Forum panafricain des médias (FOPAME) : Ce qu'il y a à retenir
La première édition du Forum Panafricain des Médias (FOPAME) s’est tenue à Bamako, du 3 au 6 juin 2026 au CICB, dans un contexte de reconfiguration géopolitique particulière des enjeux mondiaux.
L’espace sahélien n'en a pas été épargné. Le rendez-vous de haut niveau de Bamako a ainsi réuni des directeurs de publication, des éditeurs, des journalistes et professionnels exerçant, des experts en communication et des régulateurs des médias venus de plus de vingt pays d'Afrique, tous portés par l'objectif central de jeter les bases d'une souveraineté informationnelle africaine capable de rompre avec les narratifs exogènes et de proposer un traitement médiatique endogène des réalités du continent. Voilà pour camper le décor. Côté cœur, côté jardin.
Face aux enjeux mondiaux de cette guerre hybride menée contre notre pays, à travers la désinformation, la manipulation et la large diffusion digitale accélérée, la capitale malienne s'est imposée durant quatre jours comme le lieu d'élaboration des réponses et contre narratif typiquement africain. Le temps de ce forum a été consacré à un exercice de souveraineté narrative appropriée et concue comme plateforme et épicentre de la résistance médiatique et de l'innovation éditoriale africaine.

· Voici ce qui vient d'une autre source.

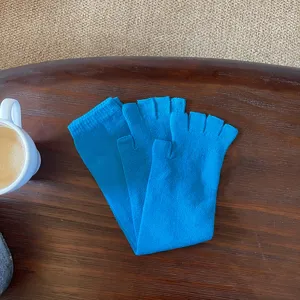 Gants sans doigts en tricot bleu chauffe-bras couleur unie hiver chaud mitaines tricotées mode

Une démarche qui a débouché sur des conclusions opérationnelles fortes formalisées dans la «Déclaration de Bamako».
Parmi les résolutions majeures adoptées, les participants ont validé la création d'un réseau panafricain de fact-checking afin d'interconnecter les rédactions et de contrer la prolifération des infox utilisées comme armes de déstabilisation, tout en actant le projet d'un Fonds panafricain de soutien aux médias alimenté par des taxes prélevées sur les géants du numérique (GAFAM) pour pallier la fragilité économique de la presse.

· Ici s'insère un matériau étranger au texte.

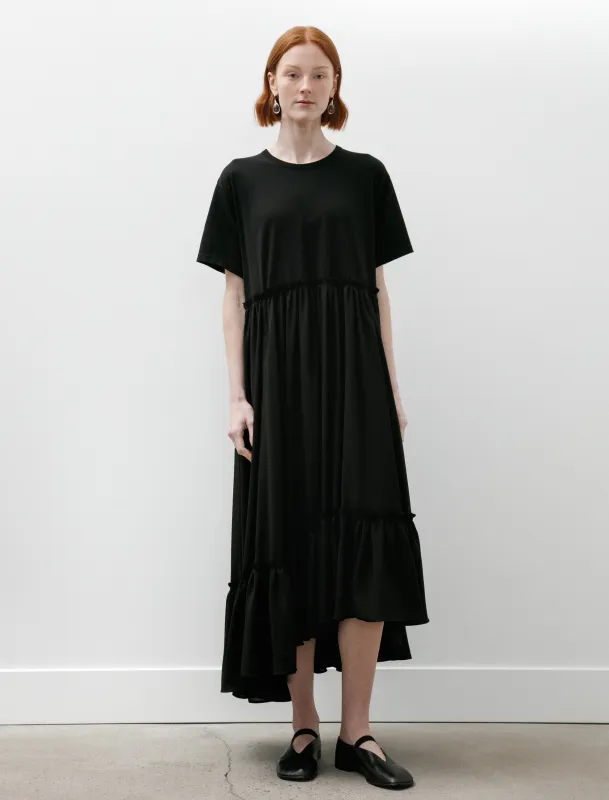 Half Sleeve Combination Dress Black/Black made by SHOP NEIGHBOR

Un accent particulier a été mis sur la mutualisation des contenus au sein de l'espace de l'Alliance des États du Sahel (AES) afin de documenter de manière souveraine les efforts de sécurisation et de développement de la Confédération, parallèlement à un engagement des éditeurs à accélérer la transition numérique de la presse écrite via des modèles économiques hybrides adaptés aux réalités de la pénétration internet locale.
Cependant, si les sessions officielles ont affiché une belle unité doctrinale, les véritables arbitrages et les dynamiques de pouvoir se sont joués dans l'intimité des couloirs du Centre international de conférences de Bamako (CICB) et dans les salons feutrés des grands hôtels. Les discussions de couloir ont été largement dominées par l'affirmation de la ligne éditoriale de l’AES, les délégations maliennes, burkinabè et nigériennes formant un bloc solide pour pousser à une rupture radicale avec les agences de presse occidentales, pendant que certains éditeurs d'Afrique du Nord et d'Afrique centrale exprimaient, de manière plus nuancée, la crainte d'une instrumentalisation excessive des médias à des fins purement étatiques, ce qui a nécessité plusieurs réécritures nocturnes de la motion finale pour parvenir à un consensus.
Derrière le rideau, les représentants des start-ups technologiques africaines et les fournisseurs de solutions de paiement mobile ont également mené un intense lobbying auprès des patrons de presse pour négocier les commissions sur les abonnements numériques, les éditeurs tentant de faire baisser les coûts techniques de distribution face aux marges jugées excessives des opérateurs de télécommunications locaux. Enfin, le dîners officiel de clôture a été le théâtre de consultations informelles et de rumeurs concernant l'attribution du futur siège du secrétariat permanent du FOPAME ; bien que Bamako semblait légitime en tant que ville hôte, la diplomatie de couloir a révélé de fortes ambitions de la part de Ouagadougou et de Niamey pour piloter ce nouvel instrument d'influence, repoussant la décision finale à une prochaine session extraordinaire. En somme, cette première édition du FOPAME a démontré que les médias africains entendent désormais s'affirmer comme des acteurs engagés de la souveraineté de leur continent, un succès dont la mesure réelle dépendra de la mise en œuvre effective de la feuille de route financière et technologique négociée dans l'ombre des discussions entre patrons de presse d'Afrique.